* **Exercise prompt**:
Output only the lines below from the one containing "Venice Italy Skyline" to the one containing "Miami - NCAA", exactly as written, both ends kept.

── Data for this task ──

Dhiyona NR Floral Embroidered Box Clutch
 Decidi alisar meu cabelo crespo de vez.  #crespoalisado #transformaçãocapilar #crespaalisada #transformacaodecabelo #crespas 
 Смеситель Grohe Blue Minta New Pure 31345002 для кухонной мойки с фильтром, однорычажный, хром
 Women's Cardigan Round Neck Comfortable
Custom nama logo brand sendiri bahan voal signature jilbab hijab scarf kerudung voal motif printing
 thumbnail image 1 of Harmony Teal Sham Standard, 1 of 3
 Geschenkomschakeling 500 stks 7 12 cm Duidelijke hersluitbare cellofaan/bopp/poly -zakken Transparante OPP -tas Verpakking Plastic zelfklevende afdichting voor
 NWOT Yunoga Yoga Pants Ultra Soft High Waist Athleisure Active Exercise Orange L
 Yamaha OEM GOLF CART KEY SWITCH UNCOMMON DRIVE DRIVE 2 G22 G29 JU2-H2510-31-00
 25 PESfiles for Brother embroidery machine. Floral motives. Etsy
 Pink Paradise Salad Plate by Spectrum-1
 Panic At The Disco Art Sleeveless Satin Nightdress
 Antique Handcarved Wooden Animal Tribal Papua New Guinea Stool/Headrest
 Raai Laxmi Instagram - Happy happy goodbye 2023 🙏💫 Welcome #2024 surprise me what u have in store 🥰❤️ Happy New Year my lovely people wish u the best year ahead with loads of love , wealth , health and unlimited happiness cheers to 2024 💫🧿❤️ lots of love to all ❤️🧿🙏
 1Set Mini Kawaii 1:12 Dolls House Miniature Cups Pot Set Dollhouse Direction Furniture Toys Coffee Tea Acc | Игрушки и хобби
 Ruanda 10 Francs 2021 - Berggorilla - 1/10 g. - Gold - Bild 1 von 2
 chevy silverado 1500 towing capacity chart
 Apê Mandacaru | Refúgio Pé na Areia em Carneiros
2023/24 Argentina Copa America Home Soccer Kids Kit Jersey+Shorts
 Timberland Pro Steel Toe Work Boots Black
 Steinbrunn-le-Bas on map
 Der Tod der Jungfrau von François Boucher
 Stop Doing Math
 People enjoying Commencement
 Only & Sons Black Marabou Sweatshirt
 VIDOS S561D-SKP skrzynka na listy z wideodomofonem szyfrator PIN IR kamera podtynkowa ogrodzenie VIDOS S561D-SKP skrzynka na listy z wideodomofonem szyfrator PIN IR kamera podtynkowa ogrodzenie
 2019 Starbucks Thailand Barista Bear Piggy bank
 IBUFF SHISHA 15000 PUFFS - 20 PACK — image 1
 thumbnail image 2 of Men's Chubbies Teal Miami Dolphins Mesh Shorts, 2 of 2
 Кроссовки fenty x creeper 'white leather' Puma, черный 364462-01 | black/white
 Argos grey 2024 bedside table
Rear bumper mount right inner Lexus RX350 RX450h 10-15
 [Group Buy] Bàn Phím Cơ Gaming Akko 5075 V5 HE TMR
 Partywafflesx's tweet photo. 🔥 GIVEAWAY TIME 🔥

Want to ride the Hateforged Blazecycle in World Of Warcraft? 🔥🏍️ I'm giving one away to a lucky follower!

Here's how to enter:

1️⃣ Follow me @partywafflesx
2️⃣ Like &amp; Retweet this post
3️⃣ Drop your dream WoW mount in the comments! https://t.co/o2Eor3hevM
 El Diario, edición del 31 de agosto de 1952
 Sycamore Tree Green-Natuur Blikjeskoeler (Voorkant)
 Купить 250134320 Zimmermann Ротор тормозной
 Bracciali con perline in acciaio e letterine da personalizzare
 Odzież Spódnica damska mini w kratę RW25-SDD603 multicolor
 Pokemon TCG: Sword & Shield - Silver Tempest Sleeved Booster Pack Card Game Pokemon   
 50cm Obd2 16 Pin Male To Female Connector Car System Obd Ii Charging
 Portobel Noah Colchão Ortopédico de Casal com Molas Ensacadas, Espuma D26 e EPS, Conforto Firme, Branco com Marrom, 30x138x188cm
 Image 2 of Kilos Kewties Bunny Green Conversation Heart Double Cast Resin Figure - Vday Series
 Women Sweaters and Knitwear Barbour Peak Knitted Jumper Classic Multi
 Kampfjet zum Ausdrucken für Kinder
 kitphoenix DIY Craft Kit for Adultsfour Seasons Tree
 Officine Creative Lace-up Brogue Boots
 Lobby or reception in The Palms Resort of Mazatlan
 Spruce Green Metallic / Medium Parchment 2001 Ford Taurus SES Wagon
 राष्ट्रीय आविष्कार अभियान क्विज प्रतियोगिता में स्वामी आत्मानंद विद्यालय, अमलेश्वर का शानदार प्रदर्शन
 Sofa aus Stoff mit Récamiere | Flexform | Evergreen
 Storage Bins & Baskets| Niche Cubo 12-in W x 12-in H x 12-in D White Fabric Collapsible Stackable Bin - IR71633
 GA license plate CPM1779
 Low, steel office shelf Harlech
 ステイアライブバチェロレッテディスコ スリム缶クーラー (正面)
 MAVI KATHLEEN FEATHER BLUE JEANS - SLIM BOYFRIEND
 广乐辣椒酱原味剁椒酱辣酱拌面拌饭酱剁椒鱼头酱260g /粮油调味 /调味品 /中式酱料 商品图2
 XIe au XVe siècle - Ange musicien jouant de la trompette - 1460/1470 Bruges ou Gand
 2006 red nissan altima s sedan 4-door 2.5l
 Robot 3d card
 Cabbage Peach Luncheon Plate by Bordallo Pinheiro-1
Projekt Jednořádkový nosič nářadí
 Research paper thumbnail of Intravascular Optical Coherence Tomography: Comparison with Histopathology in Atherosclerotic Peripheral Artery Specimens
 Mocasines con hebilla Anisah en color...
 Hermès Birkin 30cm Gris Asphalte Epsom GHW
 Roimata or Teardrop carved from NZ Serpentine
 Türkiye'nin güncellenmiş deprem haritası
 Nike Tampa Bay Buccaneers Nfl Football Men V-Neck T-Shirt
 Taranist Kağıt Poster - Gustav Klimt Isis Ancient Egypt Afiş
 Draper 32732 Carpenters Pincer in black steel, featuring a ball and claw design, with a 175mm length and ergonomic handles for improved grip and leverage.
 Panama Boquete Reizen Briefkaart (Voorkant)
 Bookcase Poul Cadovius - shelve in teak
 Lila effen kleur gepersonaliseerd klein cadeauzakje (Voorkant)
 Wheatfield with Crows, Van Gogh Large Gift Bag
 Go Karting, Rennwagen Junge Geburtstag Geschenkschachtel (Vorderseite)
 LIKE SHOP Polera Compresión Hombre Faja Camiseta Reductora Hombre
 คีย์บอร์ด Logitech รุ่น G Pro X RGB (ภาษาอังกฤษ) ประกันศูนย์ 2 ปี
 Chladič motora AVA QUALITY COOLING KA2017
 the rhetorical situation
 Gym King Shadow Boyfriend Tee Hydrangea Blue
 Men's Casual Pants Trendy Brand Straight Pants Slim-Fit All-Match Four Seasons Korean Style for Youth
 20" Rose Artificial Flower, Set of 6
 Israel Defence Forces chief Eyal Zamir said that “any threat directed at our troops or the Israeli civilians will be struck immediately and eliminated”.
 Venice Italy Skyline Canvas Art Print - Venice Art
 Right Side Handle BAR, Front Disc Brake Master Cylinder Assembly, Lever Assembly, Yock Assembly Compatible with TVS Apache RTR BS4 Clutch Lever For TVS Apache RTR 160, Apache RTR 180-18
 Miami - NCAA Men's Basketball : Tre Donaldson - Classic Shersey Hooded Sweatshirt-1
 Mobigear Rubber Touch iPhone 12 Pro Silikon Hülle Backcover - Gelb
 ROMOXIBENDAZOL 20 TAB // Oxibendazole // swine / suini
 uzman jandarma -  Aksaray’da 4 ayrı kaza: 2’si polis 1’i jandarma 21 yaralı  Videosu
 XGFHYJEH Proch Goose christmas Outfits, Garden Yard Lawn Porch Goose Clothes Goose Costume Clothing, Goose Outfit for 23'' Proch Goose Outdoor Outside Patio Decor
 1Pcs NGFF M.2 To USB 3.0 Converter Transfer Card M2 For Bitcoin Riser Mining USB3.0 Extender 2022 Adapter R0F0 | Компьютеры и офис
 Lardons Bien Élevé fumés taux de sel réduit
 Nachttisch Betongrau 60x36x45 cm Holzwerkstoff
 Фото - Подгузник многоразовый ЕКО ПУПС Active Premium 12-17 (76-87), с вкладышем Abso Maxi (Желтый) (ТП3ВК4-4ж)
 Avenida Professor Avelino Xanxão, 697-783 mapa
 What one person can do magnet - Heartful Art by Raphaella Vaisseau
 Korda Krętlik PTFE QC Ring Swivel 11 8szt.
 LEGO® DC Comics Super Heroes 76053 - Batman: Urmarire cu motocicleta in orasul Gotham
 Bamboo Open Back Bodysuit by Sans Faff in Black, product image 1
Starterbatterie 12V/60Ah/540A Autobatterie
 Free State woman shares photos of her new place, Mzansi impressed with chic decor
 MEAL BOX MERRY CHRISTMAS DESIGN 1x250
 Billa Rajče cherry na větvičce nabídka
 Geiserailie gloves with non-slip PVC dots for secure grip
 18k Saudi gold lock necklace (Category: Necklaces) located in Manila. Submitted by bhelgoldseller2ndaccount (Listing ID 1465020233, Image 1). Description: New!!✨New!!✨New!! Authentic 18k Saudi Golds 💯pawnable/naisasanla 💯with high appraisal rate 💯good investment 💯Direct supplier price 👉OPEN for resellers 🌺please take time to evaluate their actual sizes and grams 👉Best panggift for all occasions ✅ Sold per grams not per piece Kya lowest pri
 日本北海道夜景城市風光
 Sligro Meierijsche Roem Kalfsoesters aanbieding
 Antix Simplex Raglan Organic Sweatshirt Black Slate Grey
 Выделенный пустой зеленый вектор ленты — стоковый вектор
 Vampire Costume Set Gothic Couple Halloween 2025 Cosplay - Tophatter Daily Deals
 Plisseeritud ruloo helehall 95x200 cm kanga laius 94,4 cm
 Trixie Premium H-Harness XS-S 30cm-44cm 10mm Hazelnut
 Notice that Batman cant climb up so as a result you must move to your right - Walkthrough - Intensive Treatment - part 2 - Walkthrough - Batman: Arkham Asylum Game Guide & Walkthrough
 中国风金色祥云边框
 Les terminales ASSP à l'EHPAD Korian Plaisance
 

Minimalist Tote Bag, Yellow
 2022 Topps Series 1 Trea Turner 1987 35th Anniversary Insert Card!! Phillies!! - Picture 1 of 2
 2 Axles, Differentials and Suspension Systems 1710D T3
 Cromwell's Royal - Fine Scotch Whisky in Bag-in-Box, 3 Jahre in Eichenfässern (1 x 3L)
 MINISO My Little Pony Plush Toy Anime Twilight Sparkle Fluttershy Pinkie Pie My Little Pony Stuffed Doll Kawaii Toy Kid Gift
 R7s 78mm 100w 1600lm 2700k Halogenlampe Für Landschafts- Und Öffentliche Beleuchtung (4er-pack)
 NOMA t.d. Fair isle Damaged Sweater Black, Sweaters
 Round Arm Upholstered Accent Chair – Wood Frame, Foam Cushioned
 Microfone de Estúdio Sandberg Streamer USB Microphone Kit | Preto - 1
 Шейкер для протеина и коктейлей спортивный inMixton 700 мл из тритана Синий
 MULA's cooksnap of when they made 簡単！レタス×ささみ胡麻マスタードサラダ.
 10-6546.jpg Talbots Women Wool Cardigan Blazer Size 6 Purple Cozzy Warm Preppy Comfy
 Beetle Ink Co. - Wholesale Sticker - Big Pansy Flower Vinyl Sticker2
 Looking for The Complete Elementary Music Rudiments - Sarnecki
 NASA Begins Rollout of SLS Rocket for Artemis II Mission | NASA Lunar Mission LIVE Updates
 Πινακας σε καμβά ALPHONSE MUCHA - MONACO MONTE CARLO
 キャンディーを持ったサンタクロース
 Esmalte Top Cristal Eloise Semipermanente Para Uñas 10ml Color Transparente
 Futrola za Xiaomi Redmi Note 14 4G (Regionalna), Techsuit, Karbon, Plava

───

* **Answer space**:
 Venice Italy Skyline Canvas Art Print - Venice Art
 Right Side Handle BAR, Front Disc Brake Master Cylinder Assembly, Lever Assembly, Yock Assembly Compatible with TVS Apache RTR BS4 Clutch Lever For TVS Apache RTR 160, Apache RTR 180-18
 Miami - NCAA Men's Basketball : Tre Donaldson - Classic Shersey Hooded Sweatshirt-1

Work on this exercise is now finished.